Ferro’s departure comes after increasingly frosty relationships with industry groups

Anne Ferro speaking in Hartford, Conn., last year. (Photo from the U.S. DOT)Anne Ferro speaking in Hartford, Conn., last year. (Photo from the U.S. DOT)

As I’m sure you’ve heard by now, U.S. Department of Transportation Secretary Anthony Foxx announced the resignation of Federal Motor Carrier Safety Administration Administrator Anne Ferro on Friday, July 25, and she is set to leave her post at the end of next month to become president and chief executive officer of the American Association of Motor Vehicle Administrators. The news sent shockwaves throughout the trucking community with agencies from all corners of the industry immediately weighing in. It was such a big story that traffic to CCJDigital.com was even strong enough to overload our servers momentarily Friday.

During her five-year tenure at the helm of FMCSA, Ferro has ushered in a number of new regulations and has laid the groundwork for many more. Successfully rewriting the hours-of-service rule is undoubtedly her biggest accomplishment, especially in light of the fact that the HOS battle between the trucking industry and Washington had drug on for more than a decade. That in and of itself is a huge achievement, in spite of its lack of popularity among fleets and drivers. And a newly proposed rulemaking requiring the use of electronic logging devices is expected to be finalized later this year or early next, with an effective date of two years after the final rule is published.

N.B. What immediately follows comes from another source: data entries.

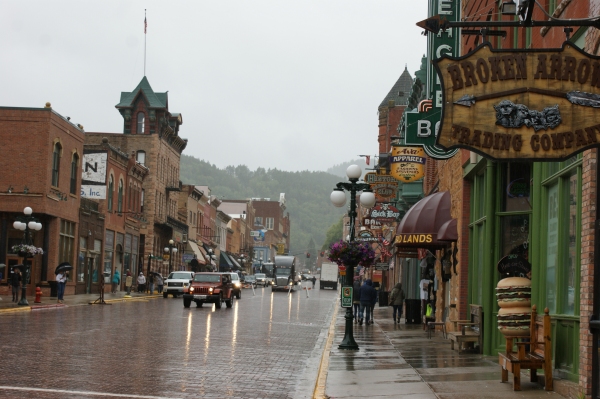 La rue principale de Deadwood sous la pluie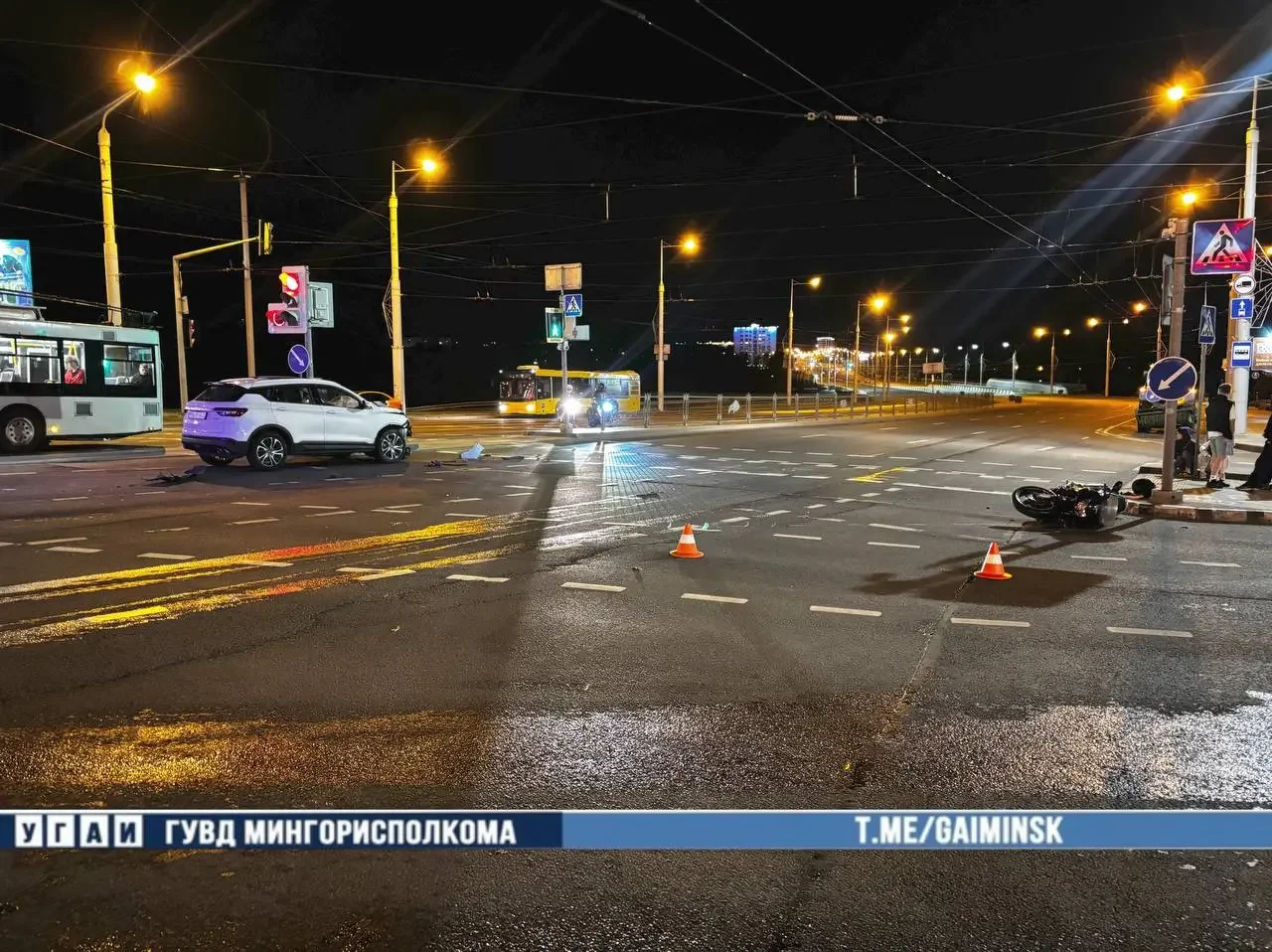 Момент жесткого столкновения мотоцикла и Geely попал на видео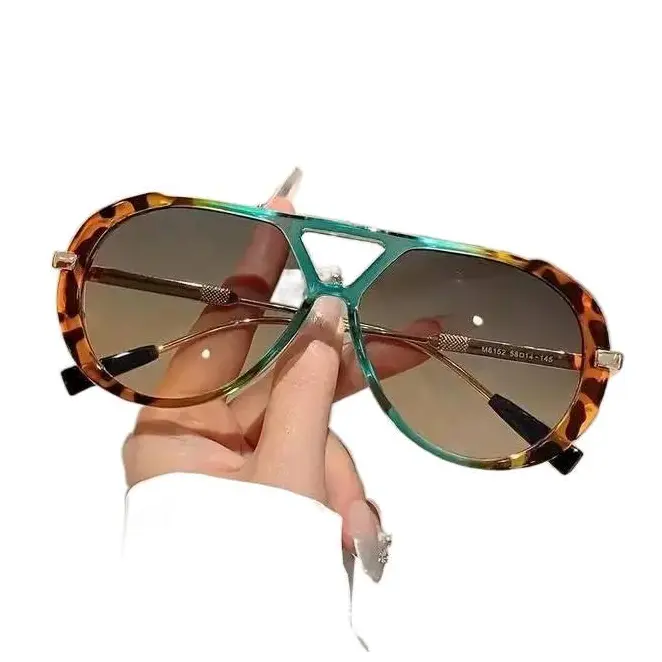 【For U Gifts】2026 NEW Men's Oversized Vintage Aviator Sunglasses - Full Rim Large Solid Metallic Luxury Shades, UV400 Eye and Face Protection, Retro Rectangular-Oval Frame for Driving, Beach
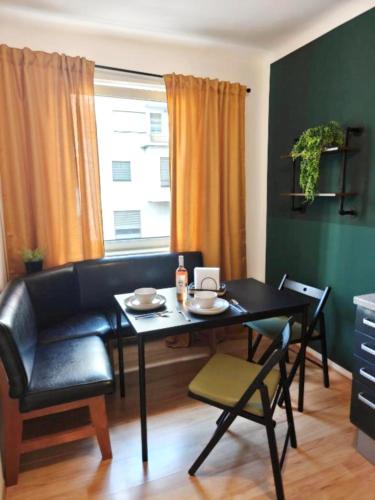 Metro 1BR | 3 Min to U1 Metro | Free Parking - image 12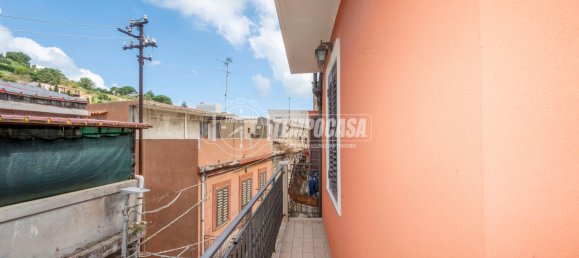 Квартира с 2 спальнями в Мессина, Италия № 378230 14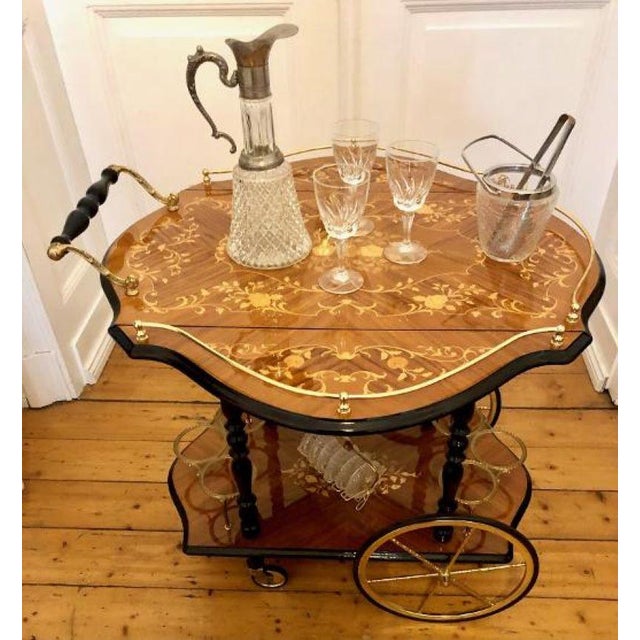 Vintage Colonial Sorrento Farfalla Drop Leaf Serving Trolley with Inlaid Brass Ornaments and Round Hinged Top, 1950s For Sale - Image 3 of 18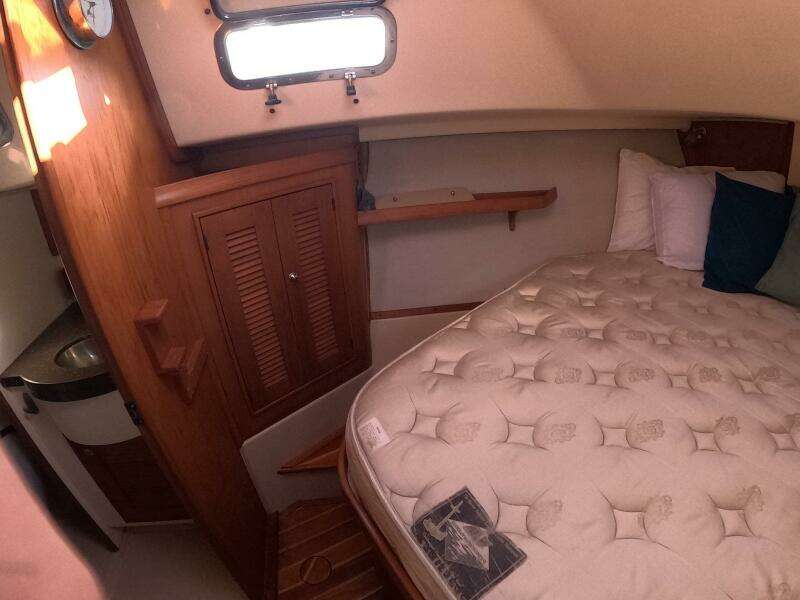 3 DOLPHINS 37ft Island Packet Yacht For Sale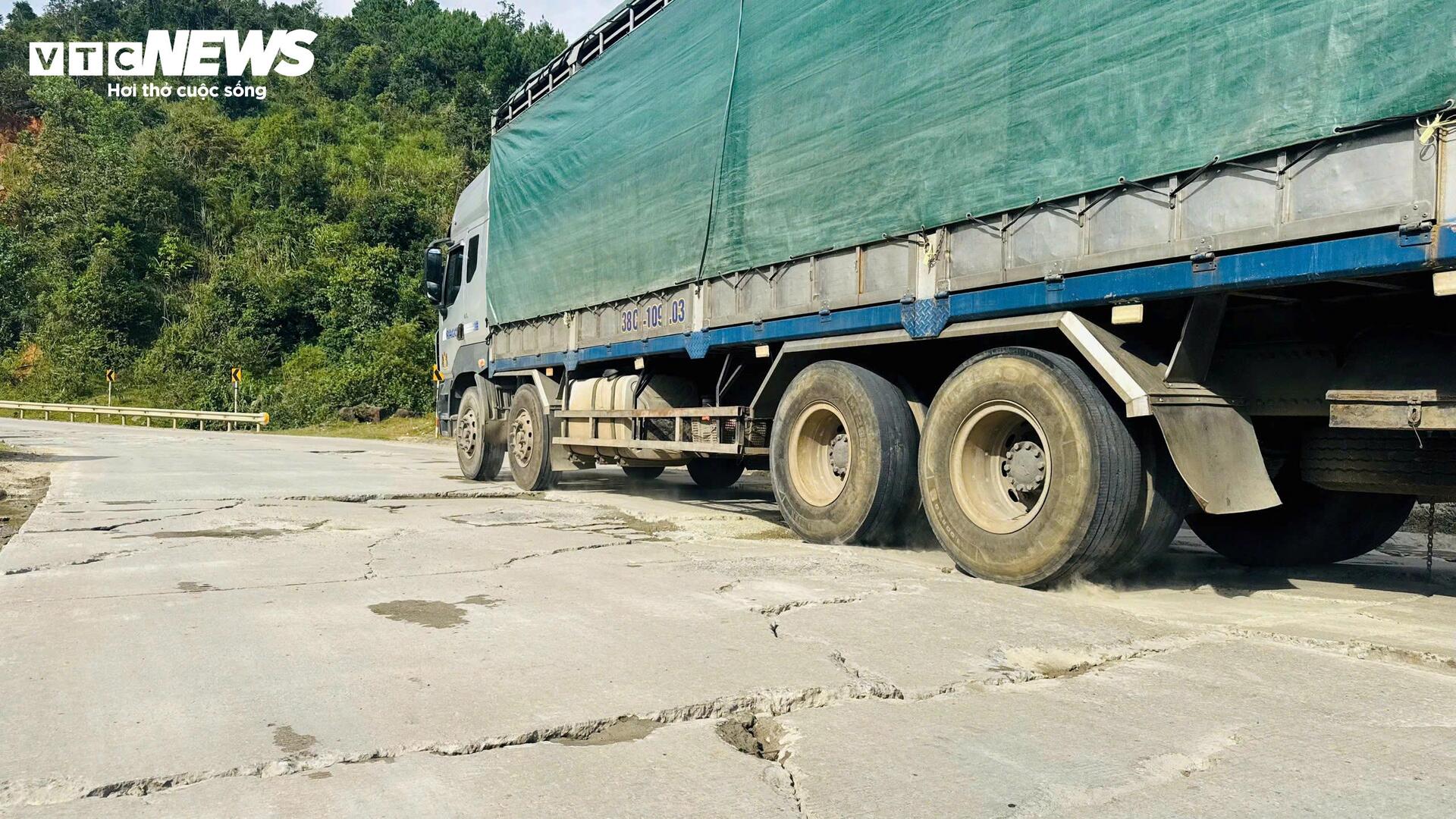 Những 'cái bẫy' rình rập người đi đường trên đèo Lò Xo - 7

The Compliance Safety Accountability program wasn’t her doing – the foundation for the program had been completed by the time she assumed her role as administrator – but under her watch, FMCSA has frustrated associations and industry groups with a lack of progress on several aspects of CSA, including the Crash Indicator Behavior Analysis and Safety Improvement Category and a yet-to-be-established Safety Fitness Determination rulemaking, which again has been pushed back for publication until February 2015.

Ferro’s relationship with trucking groups took another turn south in early June when she rebuked industry’s cries for suspension of the new HOS rule for further study, writing a blog post that read more like an accident plaintiff’s attorney ad on late-night television than one from a government official, intimating that the trucking industry wants to undo life-saving rules.

Backlash from industry groups was swift, with the Owner-Operator Independent Drivers Association immediately calling for Ferro to resign, stating her “clear bias against truckers and the trucking industry.” Other groups claimed the agency obviously was misinterpreting or flat-out misrepresenting the data it used as the foundation for rule changes. Recently, she even admitted to a leadership team from the American Trucking Associations that there are some unintended consequences to the HOS regulation, but the agency wasn’t planning to do anything to address them.

Before the announcement of Ferro’s departure, FMCSA updated its rulemaking calendar. Items up soon for publication include an increase in liability insurance premiums for carriers, required use of speed limiters in trucks and a new entrant training and testing process.

In an email to DOT staff, Foxx said, “Under Anne’s leadership, FMCSA has ushered in a new culture of safety into the commercial bus and trucking industries. She has made it more difficult for companies that jeopardize the public’s well-being to stay in business and easier for consumers to make informed choices when choosing a shipper or buying a bus ticket. It is a legacy we are proud to continue.”

It’s hard to argue with any of that, but worthwhile efforts to eliminate bad actors from trucking shouldn’t place an undue burden on the entire industry, especially those carriers that already are putting safety first and foremost. Let’s hope the new FMCSA administrator – whoever he or she may be – implores agency officials to use sound data analysis and listen closely to industry concerns when drafting future rulemakings.